2/28/2003 News media contact: Kathy Gilbert · (615) 742-5470 · Nashville, Tenn.

NOTE: Photographs are available with this report.

A UMNS Feature By Kathy L. Gilbert* By Kathy L. Gilbert*

FORT CAMPBELL, Ky. (UMNS) - Being prepared to die thousands of miles away from home is part of his job description.

He will walk into danger's way without a weapon because that is where his congregation is going.

Chaplain Capt. Ernest P. Jay West is the perfect blend of soldier and United Methodist pastor.

He loves Jesus Christ, his family and "his" soldiers.

"I love what I do," he says, smiling. "I work with soldiers from literally the rainbow of God's creation. Ethnically, economically, politically, theologically - you name it. It is so much fun."

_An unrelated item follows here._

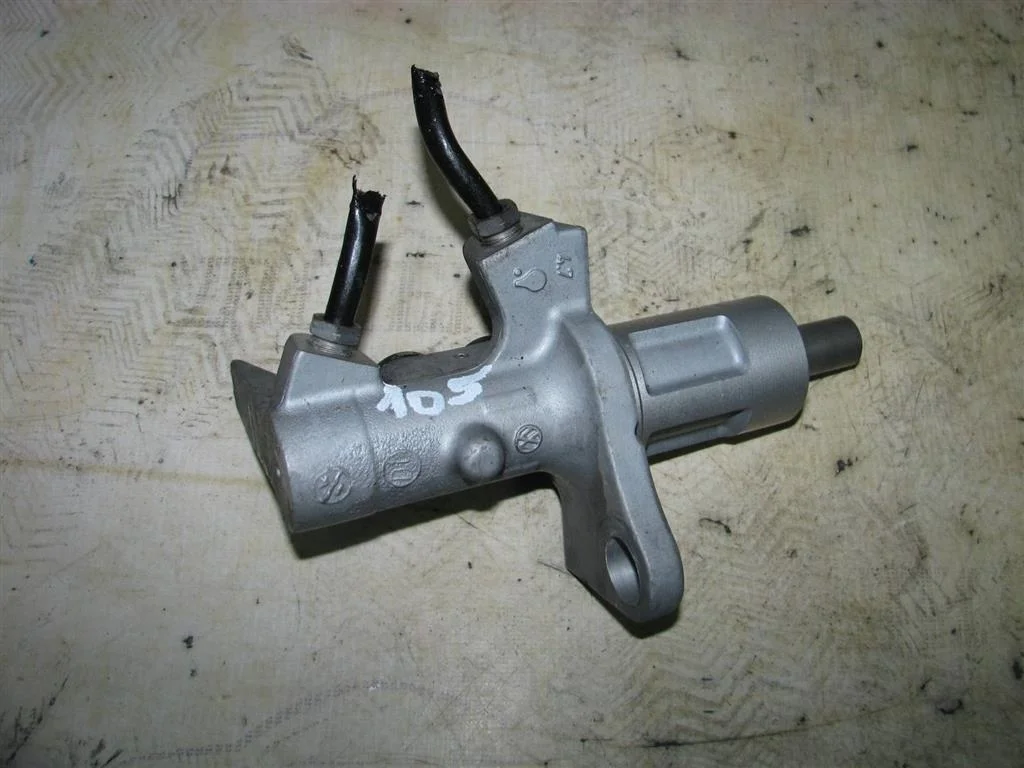 цилиндр тормозной главный Audi A5 /S5 Coupe/Sportback - -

His congregation is made up of the men and women and families of the 2nd Battalion, 44th Air Defense Artillery Regiment, 101st Airborne Division (Air Assault). He is one of 42 chaplains - including three United Methodists - serving at Fort Campbell.

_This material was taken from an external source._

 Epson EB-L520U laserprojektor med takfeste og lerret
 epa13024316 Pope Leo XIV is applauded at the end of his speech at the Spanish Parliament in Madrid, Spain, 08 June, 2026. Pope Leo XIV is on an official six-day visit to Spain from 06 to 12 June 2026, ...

West is with his flock on the firing range, in the motor pool and in the barracks. He has literally walked a mile in their boots.

In the early morning rain, freezing sleet and snow, or torturing heat, he has been there doing the jumping jacks, flutter kicks, push-ups, sit-ups and any other form of exercise the Army deems necessary.

He is a recent graduate of Fort Campbell's Air Assault School, where he learned all about aircraft safety, combat assault operations, how to hook up a load underneath a CH-47 helicopter and other technical points that are vital during a war. He has also rappelled from a 34-foot tower and knows how to rappel from a Blackhawk helicopter. In order to pass, he had to complete a 12-mile road march with full equipment in less than three hours.

When the bullets are flying and the bombs are dropping, he will be there making sure his soldiers know God is there too.

Shaking his head, he recalls a recent conversation with a young man who couldn't believe he would be going into battle without a weapon.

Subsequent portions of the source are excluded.